| name | writing-ast-check |
| description | Create AST-based checks for evaluating generated Python code quality |
Writing AST-Based Checks for Evals
This process documents how to create robust, AST-based checks for evaluating the quality of AI-generated Python code.
Process
1. Define the Check Criteria
Clearly specify what you're checking for:
Example: We want to ensure generated code uses modern Python union syntax (str | None) instead of legacy Optional[str] from the typing module.
Acceptance criteria:
- ✅ Files using
| Nonesyntax - ✅ Files with no optional types at all
- ❌ Files using
Optional[T]syntax
2. Add the check function to the AST Helper Module
Create a dedicated function in AST helpers: evals/<eval_name>/ast_helpers.py
3. Add Check to EvalResult
Update evals/<eval_name>/checks.py:
class EvalResult:
# Used the writing-services skill
used_service_skill = Check(default=False, passed=True)
# Used | None instead of Optional
used_none_instead_of_optional = Check(default=False, passed=True)

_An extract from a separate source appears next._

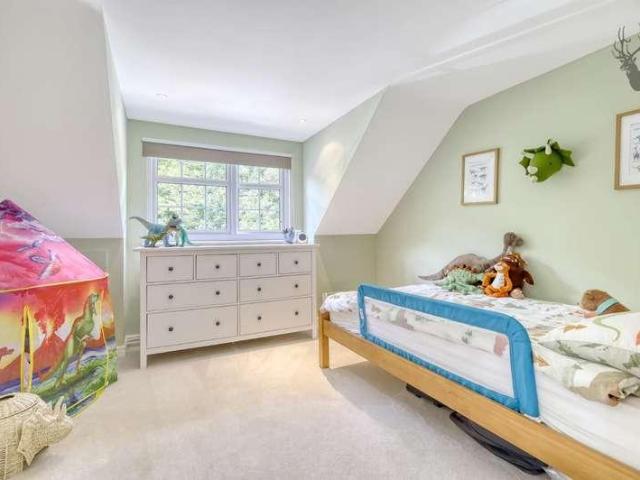 4 bed house for sale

def to_dict(self) -> dict:
"""Convert eval results to a dictionary for logging."""
return {
"used_service_skill": self.used_service_skill.did_pass(),
"used_none_instead_of_optional": self.used_none_instead_of_optional.did_pass(),
}
4. Integrate Check in Eval
Update __main__.py to run the check after the agent completes:
from .ast_helpers import check_uses_union_none_syntax
async def main(gym_project_directory: Path) -> None:
# ... agent execution code ...
# Check if the generated logger.py uses | None instead of Optional
logger_file_path = gym_project_directory / "jack-software/evals/logger.py"
if check_uses_union_none_syntax(logger_file_path):
eval_result.used_none_instead_of_optional.mark(True)
# ... logging code ...
5. Write Comprehensive Tests
Add a class to the test_ast_helpers.py with test cases.
Testing Your Check
Run the tests:
make test-services-eval